Task instructions: Once the pictures are set aside, transcribe each line of the data exactly.

Input data:
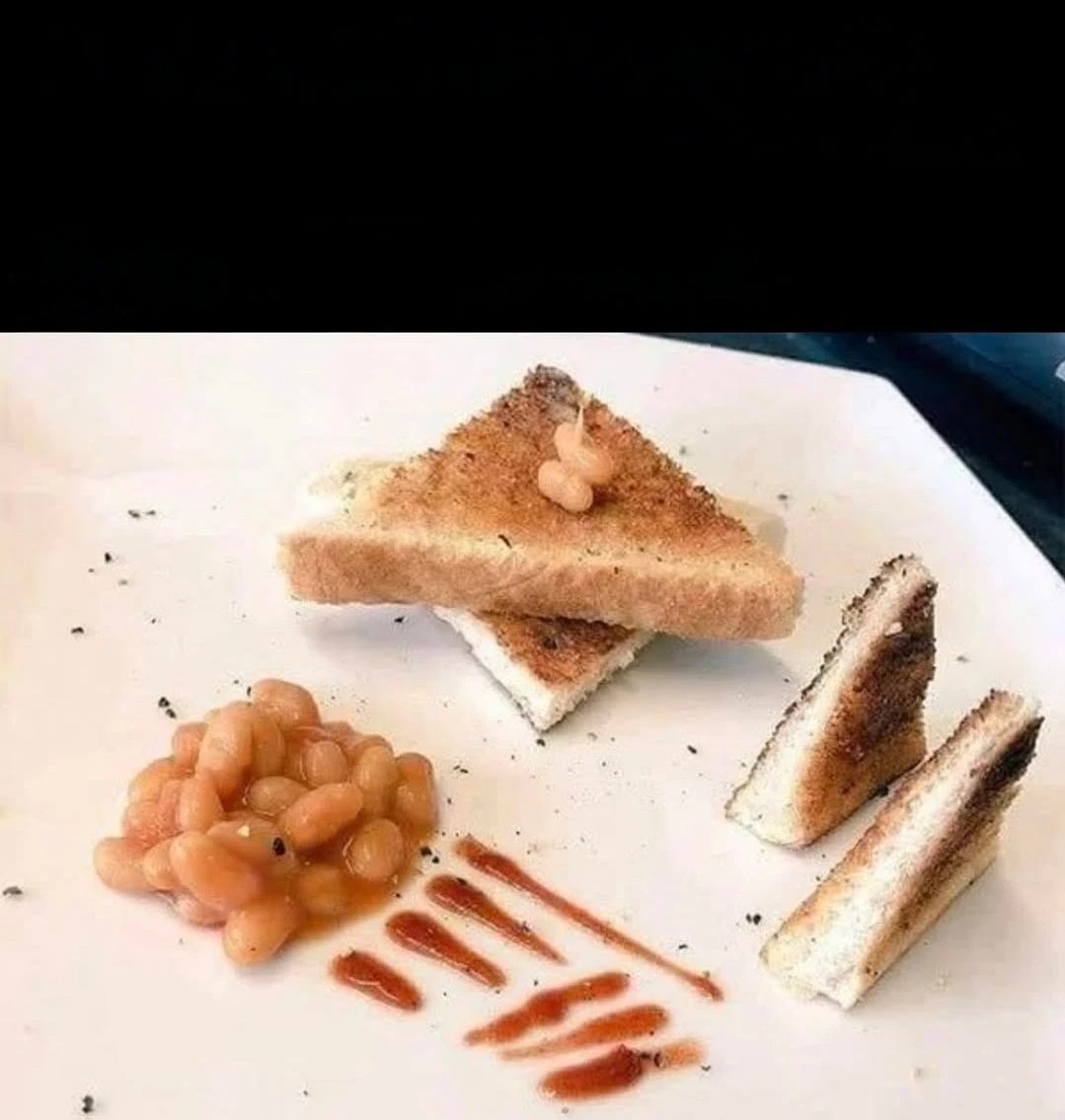 breakfast Blank Meme Template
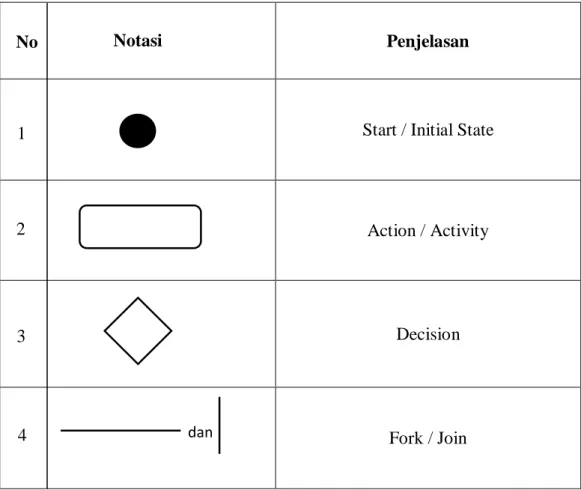 Tabel 2.3  Activity Diagram 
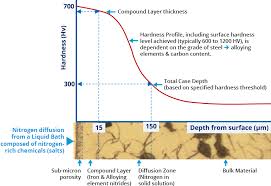 salt bath nitriding controlled liquid nitriding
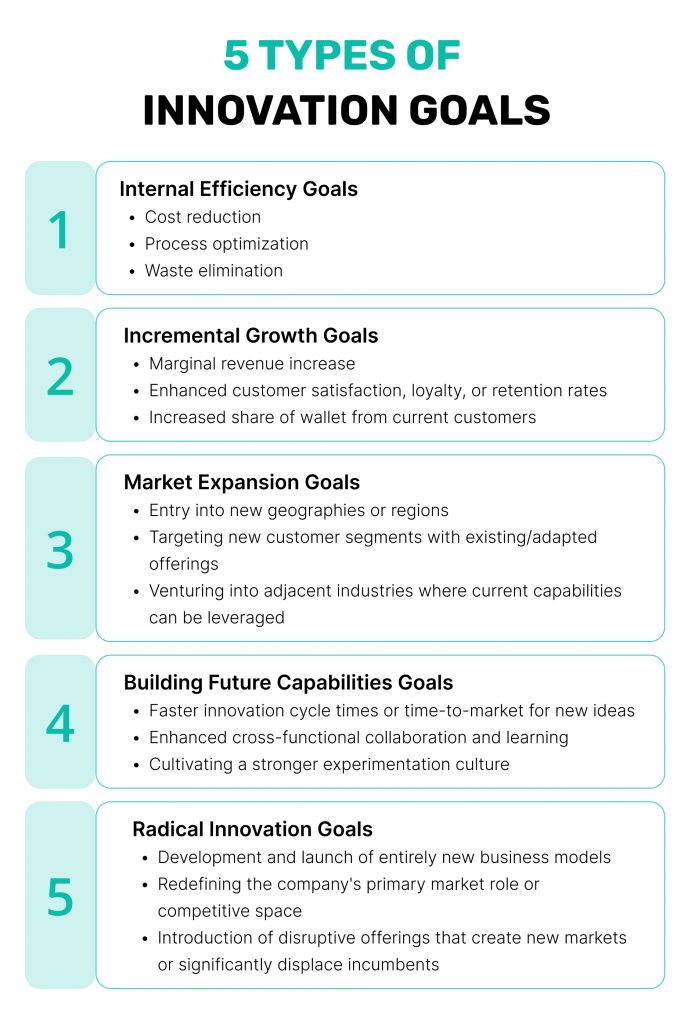 types of innovation goals
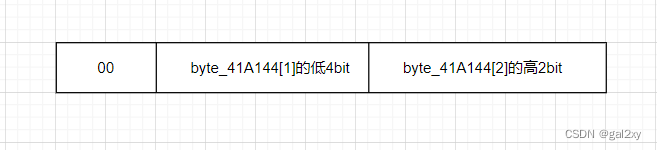 请添加图片描述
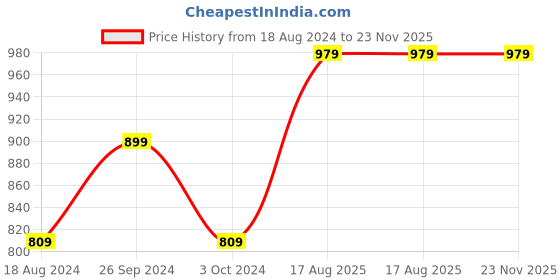 tatacliq.com Nirlon Red Aluminium Non-Stick Kitchen Cooking Utensils - Set of 3 nirlon Price History Graph from 18 Aug 2024 to 23 Nov 2025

Answer section:
 breakfast Blank Meme Template
 Tabel 2.3  Activity Diagram 
 salt bath nitriding controlled liquid nitriding
 types of innovation goals
 请添加图片描述
 tatacliq.com Nirlon Red Aluminium Non-Stick Kitchen Cooking Utensils - Set of 3 nirlon Price History Graph from 18 Aug 2024 to 23 Nov 2025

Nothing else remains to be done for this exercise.